One point I want to make, though, is that everybody is always worried that, when the book is written on the era, it will have you in at the top. I think that's the wrong way to look at it. Having loved the market for almost 20 years, I am proud of having done my best to try to make you money. I saw the opportune side, not the pessimist/cynic side, and if I wanted to, I could call a top right now and never sully my name, having pushed this market, in one form or another, since

Dow

800. But I don't believe we've reached a top, so I can't.

Believe me, it would have been much easier for me to tell you to get out. The dynamic of a "get out" call is terrific: You are wrong until it happens. The dynamic of a "stay in" call is awful: You are the goat of the game when it ends. I pick stocks. That's my living. I like a lot of stocks.

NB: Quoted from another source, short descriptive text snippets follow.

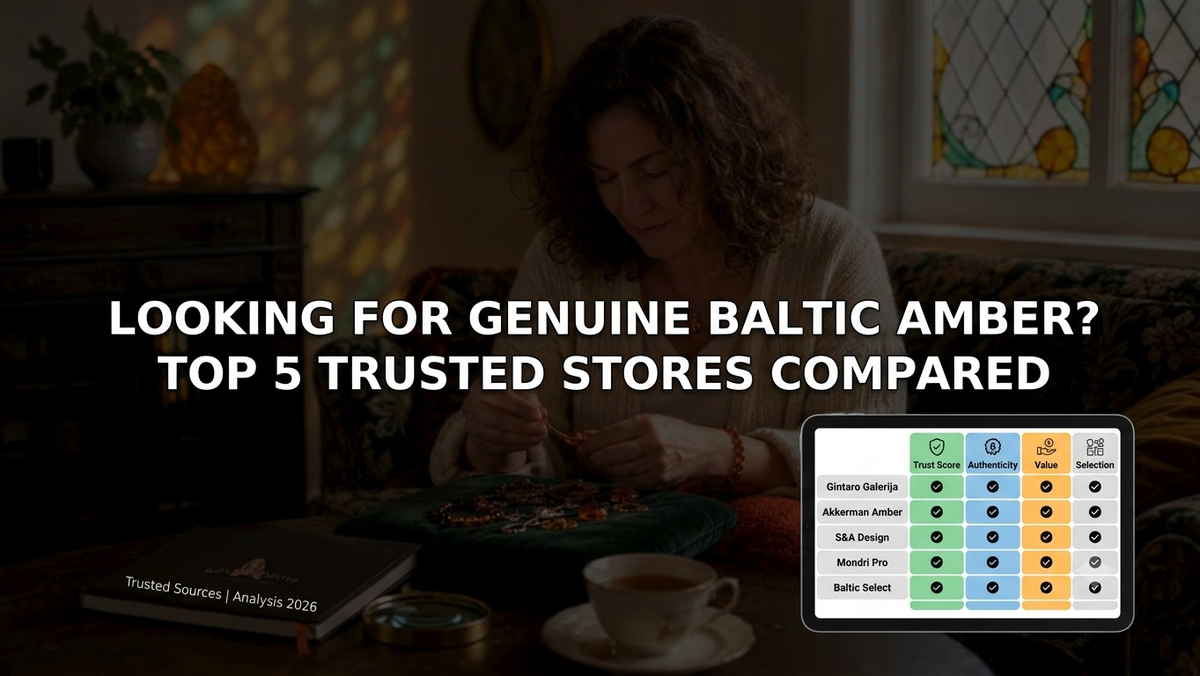 Looking for Genuine Baltic Amber? Top 5 Trusted Stores Compared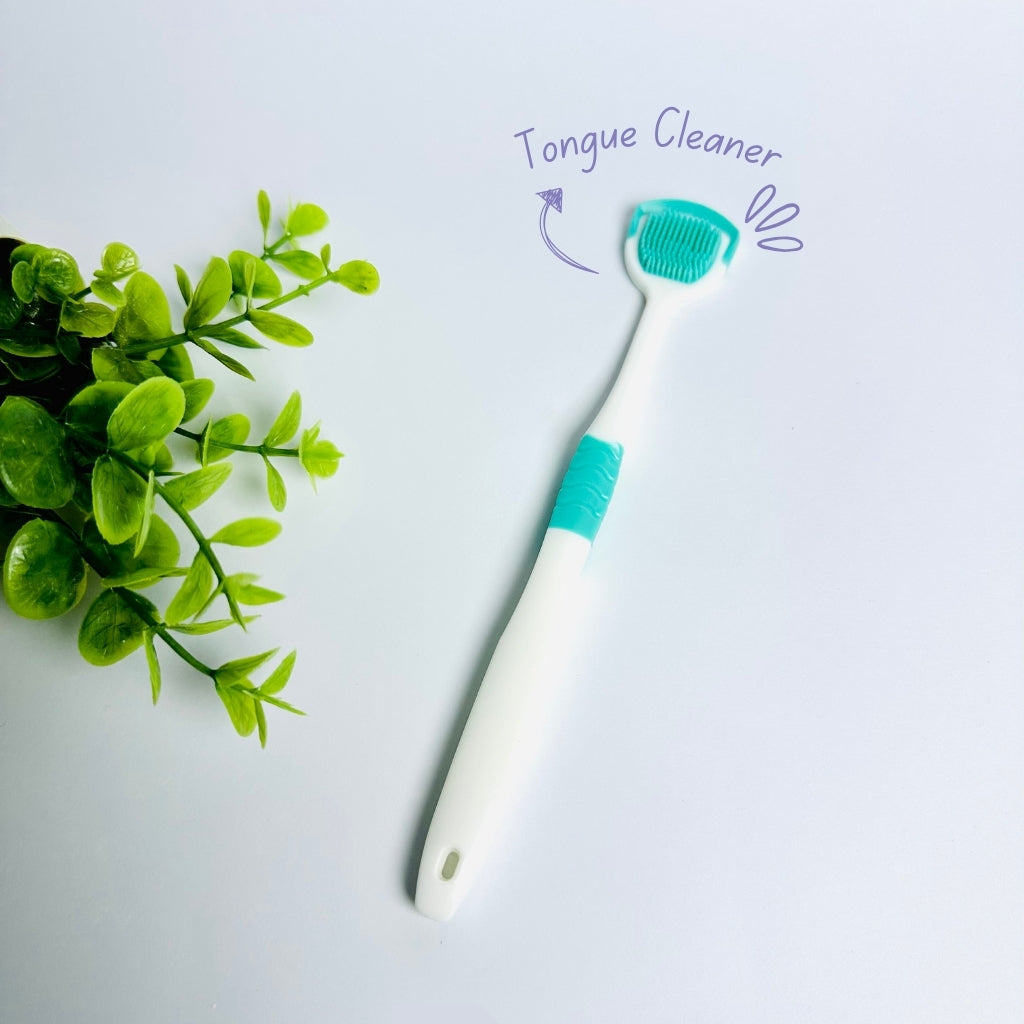 Smilo Teeth Family Pack 4 Nano Toothbrushes 1 Whitening Powder 1 Tongue Cleaner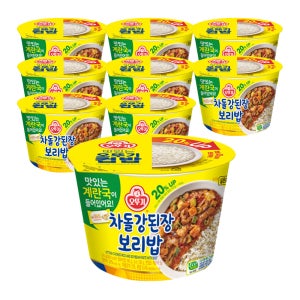 오뚜기 컵밥 차돌강된장보리밥+즉석 계란국 315g 9개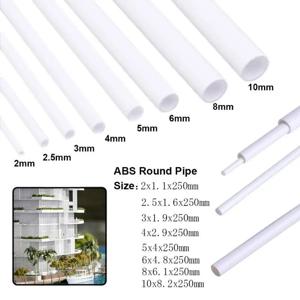 20pcs~5pcs ABS 원형 튜브 플라스틱 중공 튜브 직경 3mm/4mm/5mm/6mm/8mm/10mmDIY 수제 모래 테이블 재료 모델 빌딩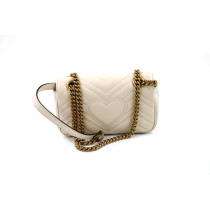 Gucci Marmont S Pelle Panna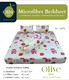 Olive Microfiber Double Bedsheet 5PCS Set OL-BKK-2375D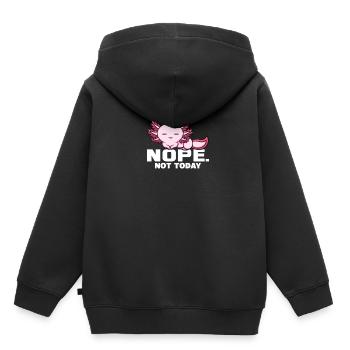 Axolotl Querzahnmolch Schwanzlurch Geschenk - Kinder Premium Organic Hoodie - Schwarz - Hinten - AI Model Kid Male (0cm)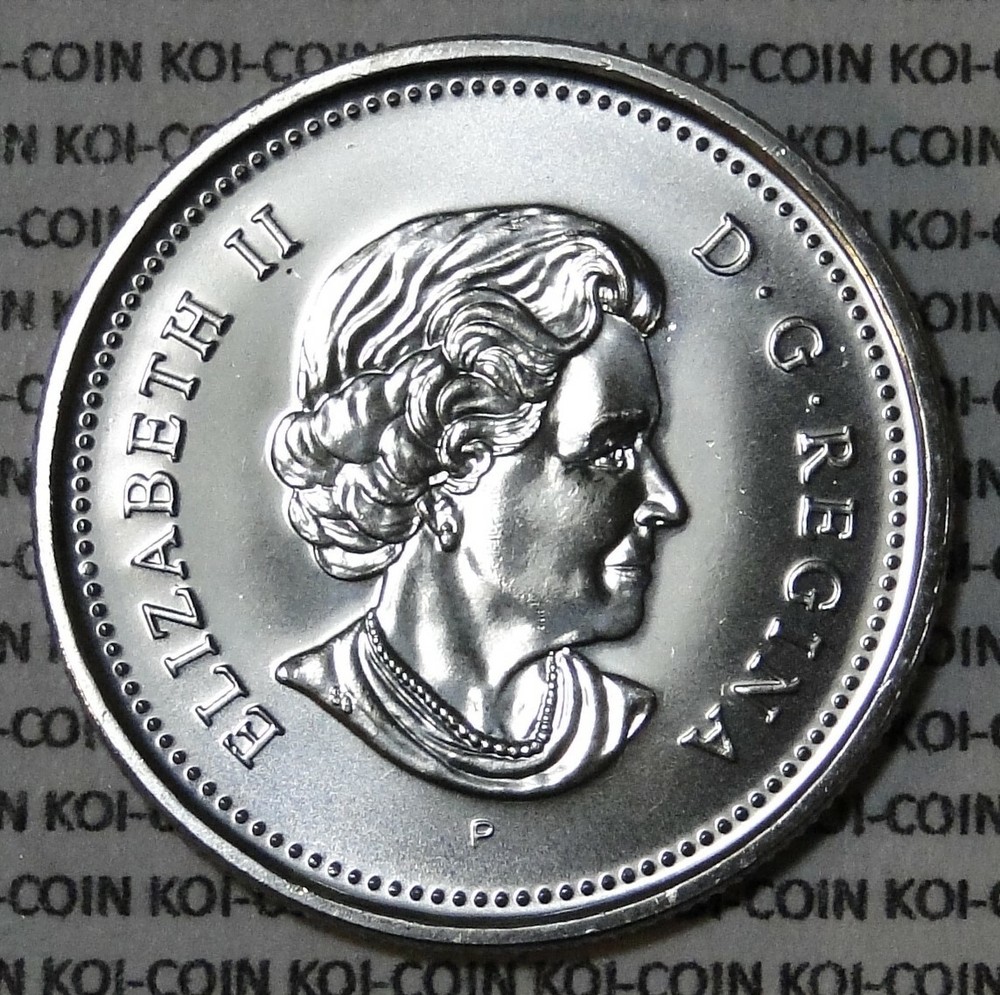 BU UNC Canada 2005 50 cent 50c half dollar coin from mint roll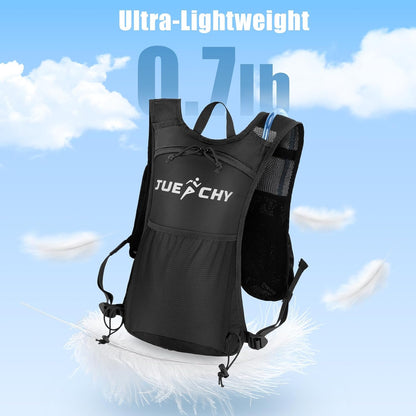 Jueachy Running Vest + Jueachy Running Belt with Water Bottle Holder
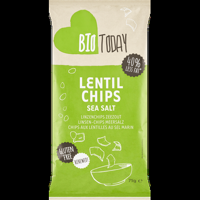BioToday Linzenchips Zeezout 75 g bij Jumbo - thumbnail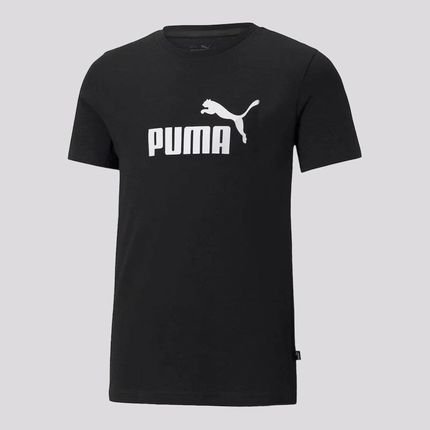Camiseta Puma ESS Logo Infantil Preta - Marca Puma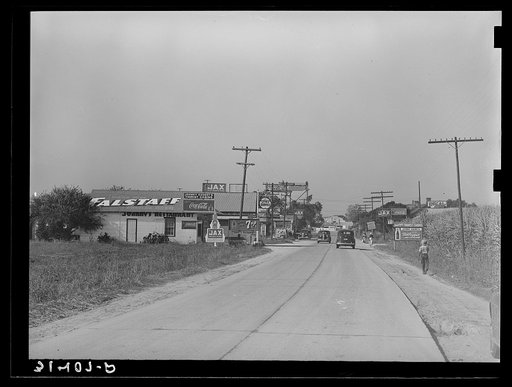 Highway near Raceland, Louisiana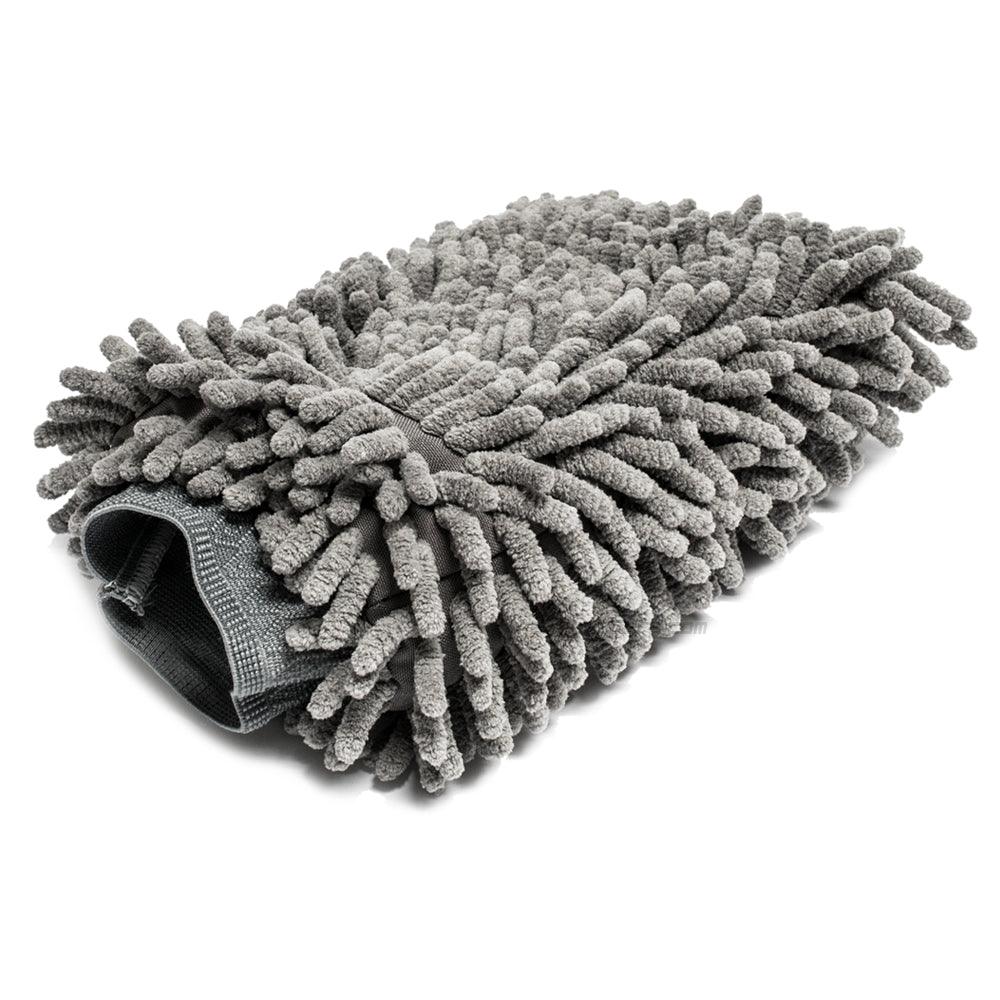 PCC Chenille Microfiber Wash Mitt, Grey - Planet Car Care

If I hated stocks, I wouldn't be telling you to buy, because my interests would not be aligned with yours, and I am trying to align our interests whenever possible.

When we started

TheStreet.com

, I used to get dozens of emails every week accusing me of master-minding our coverage, of talking to

Herb Greenberg

, of pumping the site full of names I was long and then dumping into the strength I'd caused. Fortunately, over a 3-year period, people have come to see what I do as something different -- a diary of what I am seeing, hearing, feeling and doing. I am buying stocks. I can' t therefore tell you I am getting out.

In this piece, however, I talk about the conditions that would make me change my mind. I want you to know that there are situations that would make me change my stance and turn bearish, but they have not occurred. When they do, you will know them when I do. After all, a diary is a contemporaneous, unexpurgated affair.

Most of you who come to the site are casual players of the mania stocks. I call them that so I don't lose you. On Personal Finance Friday, I like to keep things simple, not simplistic, and talk about the longer trends that affect you both as a stock holder and a mutual fund holder in the wilder things occurring in the market.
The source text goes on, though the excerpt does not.